Kindergarten-Gehabe in der Mittelalterszene
So meine lieben Leute: Hier ist der Blogpost, auf den ich mich seit Beginn von „Möhrchen und das Mittelalter“ am meisten freue. Ursprünglich sollte dies auch der erste Beitrag werden. Allerdings wollte ich euch nicht sofort vergraulen, sodass ich es immer weiter weg geschoben habe. Bis heute.
Trommelwirbel bitte – Es geht um das ständige Gezänke innerhalb der Mittelalterszene, den ständigen Kampf zwischen Authentisch und Un-authentisch. Reenactor vs. Histotainment. A-Papst gegen Gromi.
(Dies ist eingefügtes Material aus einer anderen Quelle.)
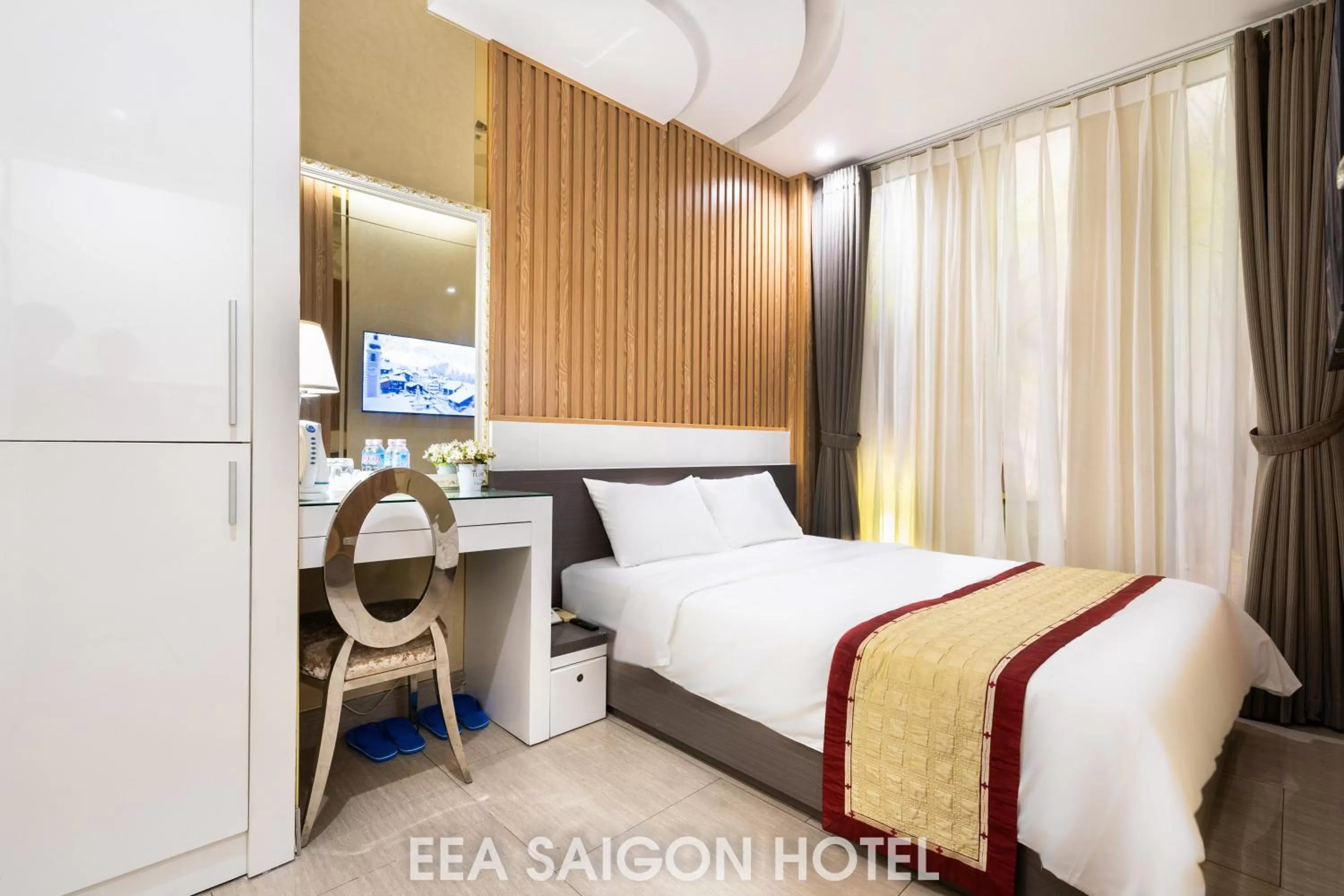 Bed in EEA Central Saigon Hotel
Geschichtsfanatiker gegen Gewandungstrinker… und so weiter.
Doch bevor ich hier meine lange zurückgehaltene, sorgfältig aufgearbeite Meinung ausbreite, ein paar Worte vorweg: Ja, der nachfolgende Artikel enthält unglaublich viele Klischees. Keine Frage. Es ist (m)eine Meinung zu der ganzen Sache, ich lade euch herzlich ein, in den Kommentaren mit mir darüber zu diskutieren! Ich freue mich über eure Ansichten!
Und keine Sorge: Ich schimpfe mit jedem. Mit den Reens, den Histotainments, mit mir, dir, uns allen. Außer mit den Neueinsteigern, die können noch nichts dafür. Aber sonst möchte ich hier keine Seite in Schutz nehmen oder die Schuld geben. Wenn ich schon jemandem auf die Füße trete, dann sollte ich auf alle Füße treten. Nicht wahr?
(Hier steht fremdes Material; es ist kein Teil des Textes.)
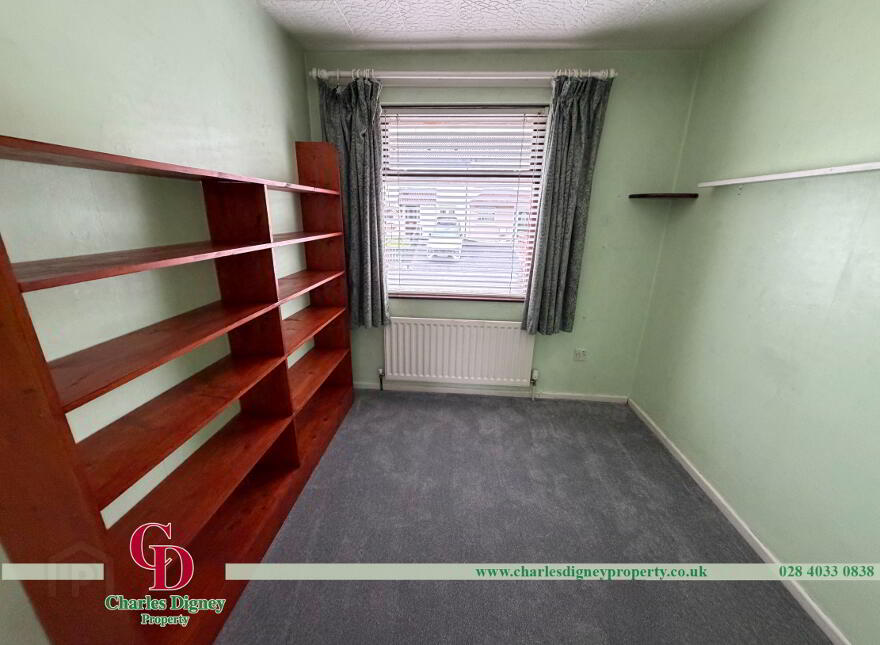 20 Greenfield Park, Newry, BT34 2EN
Eine kurze Beschreibung des Ist-Zustandes
Für alle Neueinsteiger, die jetzt nicht wissen, worum es geht: Die Mittelalterszene spaltet sich grob gesehen in zwei Lager. Das eine sind die Reenactors/Living History Darsteller, die im Allgemeinen eher nach historischen Funden, Bildern und ärchaologischen Erkenntnissen arbeiten. Also alles historisch gesehen akkurat und authentisch. Was nicht authentisch ist, ist nicht gern gesehen.
Im anderen findet man die Histotainments, die keinen (oder wenig) Wert auf historische Korrektheit ihrer Darstellung legen. Ich bezeichne es lieber als „Fantasy“-Darstellung, weil Vieles auf Serien, Computerspielen und Filmen des Genres beruht. Also sieht irgendwie mittelalterlich aus, hat’s in der Geschichte aber so nicht gegeben. So weit, so gut.
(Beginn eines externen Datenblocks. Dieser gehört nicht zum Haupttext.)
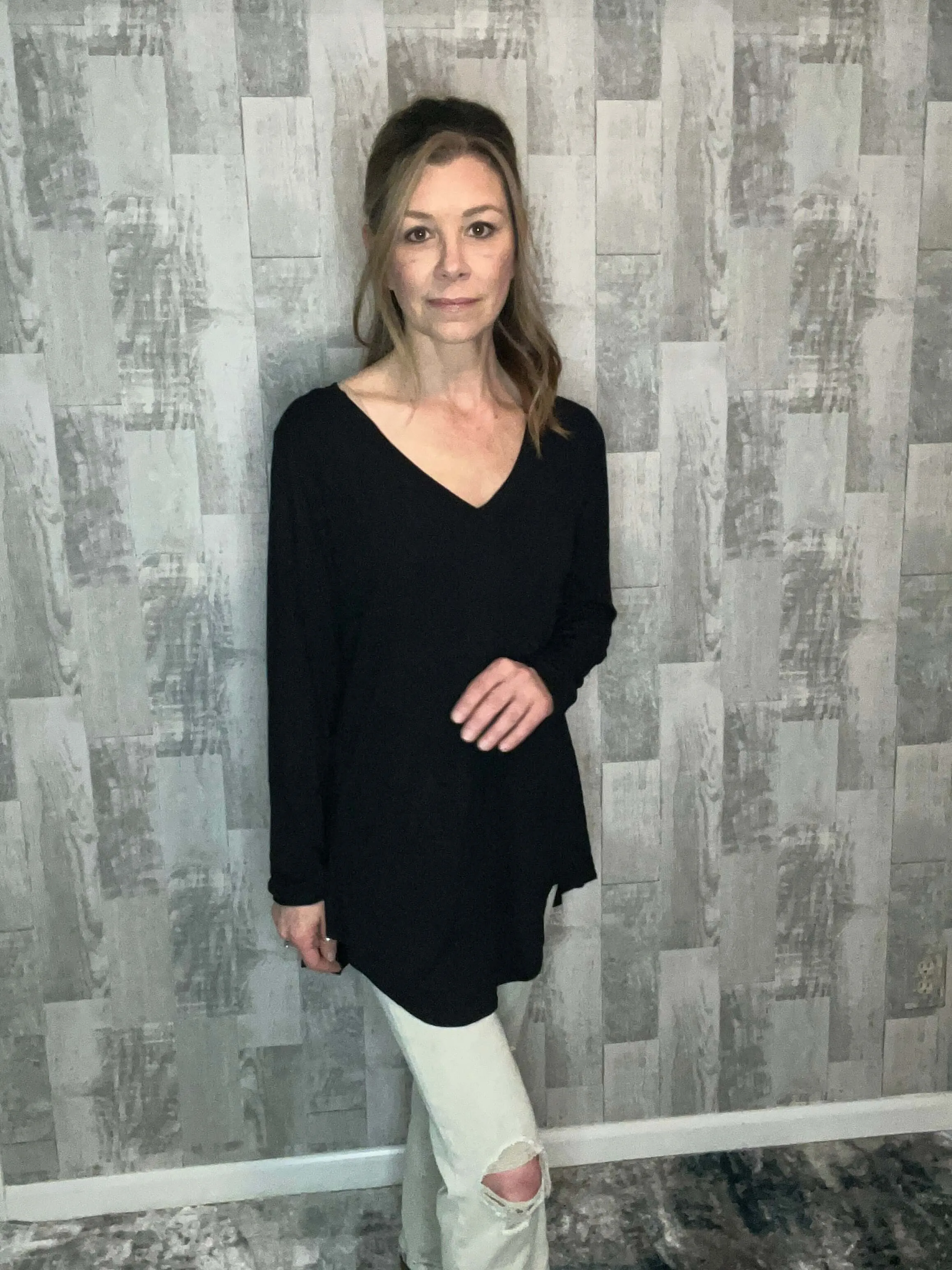 Effortlessly Chic V-Neck Top - Black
Wir haben also zwei Gruppen von Leuten, die das Hobby total unterschiedlich ausleben. Jeder hat andere Maßstäbe, Grundsätze und Vorstellungen, wie seine Gewandung und das ganze Equipment auszusehen hat. Problem bei der Sache: Ab und an treffen beide Mentalitäten auf dem Markt aufeinander. Und oft knallt es dann. Ihr könnt euch das ungefähr wie ein Gespräch zwischen Bayern-München-Fans und Borussia-Dortmund-Anhängern vorstellen. Hat irgendwie alles keine Substanz, aber jeder hat den tolleren Verein. Man möchte brechen.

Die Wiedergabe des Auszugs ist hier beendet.